Pakistan Stock Exchange’s benchmark KSE-100 index has been termed Asia’s best performing market, outperforming Asian peers with a 27 per cent surge in dollar terms this year.

Bloomberg, in a report, said, “The case for more gains is strengthening on the back of one of the cheapest valuations in Asia and the budget laying the groundwork to secure a new loan from the International Monetary Fund [IMF].

“A stable rupee and easing inflation boosting the prospect for rate cuts are other positives,” it added.

The report quoted Topline Securities as saying that the benchmark index was likely “to further extend gains by 10pc by year-end”.

Regarding valuations, the report said that despite trading at a record high, the index remained cheap; at one-year forward earnings-based valuation of 3.8x — a 50pc discount to its lifetime average.

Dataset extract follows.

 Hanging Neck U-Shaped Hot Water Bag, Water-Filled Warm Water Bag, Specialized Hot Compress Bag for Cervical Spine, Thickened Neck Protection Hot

However, Bloomberg Economics noted that the country’s stock market remained exposed to political instability given the weak mandate of the current coalition government led by PML-N’s Prime Minister Shehbaz Sharif, adding that the its main ally — Pakistan Peoples Party — could “easily walk away in the event of a public backlash to austerity measures taken to fulfill the IMF’s conditions”, which could be enough to “topple the government”.

Previously, the country raised taxes on industries such as cement, automobile and steel aligned with the IMF conditions.

“The IMF programme is critical for the country to help meet its debt payments of about $24 billion in the next fiscal year,” the report said.

Meanwhile, the benchmark index’s “14-day relative strength” index surpassed the 70,000 level on Thursday. Bloomberg added that “that is typically seen as representing overbought levels, raising the prospect of a correction”.